It appears Nissan has read my post from last week, about how to become Europe’s best selling Asian car brand again, in which I explained my idea that the key to Europe for them lies in the subcompact car segment. The current Micra is a bit too small in size and its looks aren’t appealing enough to the European car buyer. The Toyota Yaris outsells the Micra by more than 100.000 units a year, thanks to being designed in and for Europe, and being produced here as well (in France).
At the Geneva Auto Show this week, Nissan has lifted the curtain from the Sway, a concept car that hints at a future entrant in the subcompact car segment, although Nissan won’t admit outright this will be the new Micra. Its bold design with the trademark V-motion grille, boomerang-shaped rear lights, and floating roof make the Sway a better fit into Nissan’s line-up, whereas the Micra stands out from the rest of the family like a sunburnt gingerhead Englishman in Istanbul. However, I can also see a little influence from Renault in the design, most notably the differently colored section at the bottom of the doors and the rear hatch, with its straight vertical section and the sharp edge around it.
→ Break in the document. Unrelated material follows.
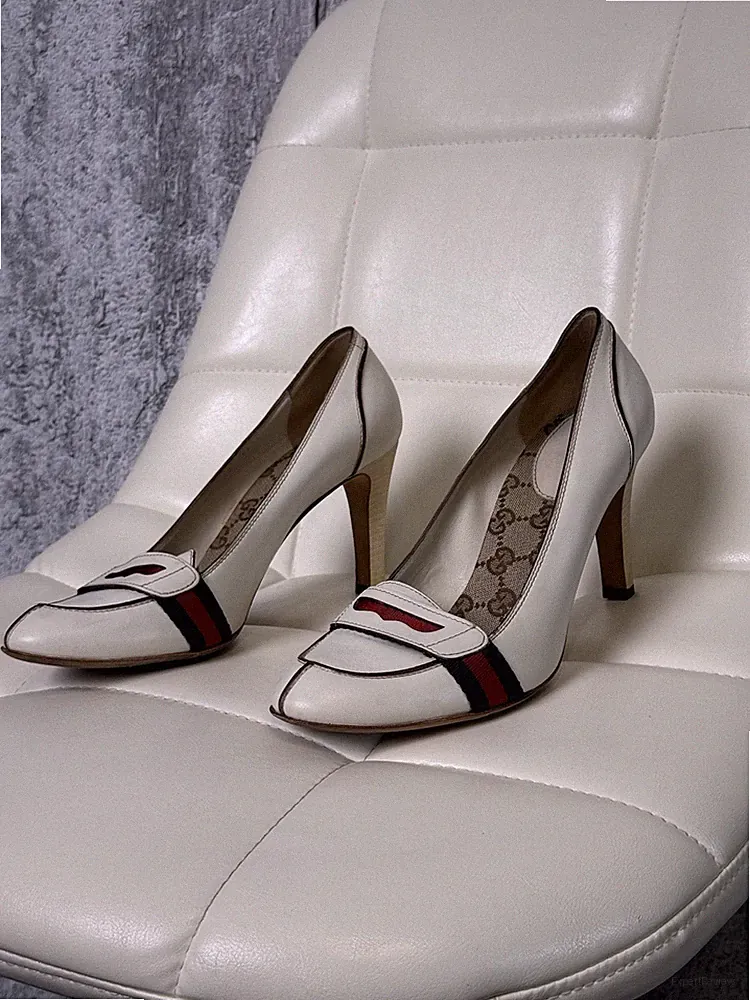 Gucci Weiß Leder Lifford Penny Loafer Pumps Web Streifen Absätze GG Monogramm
Fortunately, with the Kadjar and Qashqai, the design team at Renault-Nissan has proven its ability to keep the brands far enough apart for each to keep its own identity, even if they have to work from a common base.
At 4,01 meters in length, the Sway would also fit perfectly into the subcompact segment, as opposed to the Micra, which somehow falls between a minicar and a subcompact car sizewise. This proves Nissan has gotten the message to take the European subcompact segment serious if it really wants to crack this part of the market.
As almost always with a concept car, no official production plans will be released, but Nissan has already told us the next generation Micra will be built in the Renault factory in Flins, France, alongside the Clio and Zoe EV. Naturally, it will share its platform with the Clio as well.
I personally like Nissan’s current design language and the Sway is no exception. It looks very aggressive and sporty, but it doesn’t seem to compromise on interior space. When translating it into a production model, the lights will become a bit less futuristic, the suicide doors are likely to be dropped, as well as the two-tone paint job, but I hope they keep the originally styled C-pillar, the missing B-pillar and the pronounced belt line. It may be a concept, but if you look past those features, I think it actually looks pretty production-ready. Bring it on, Nissan!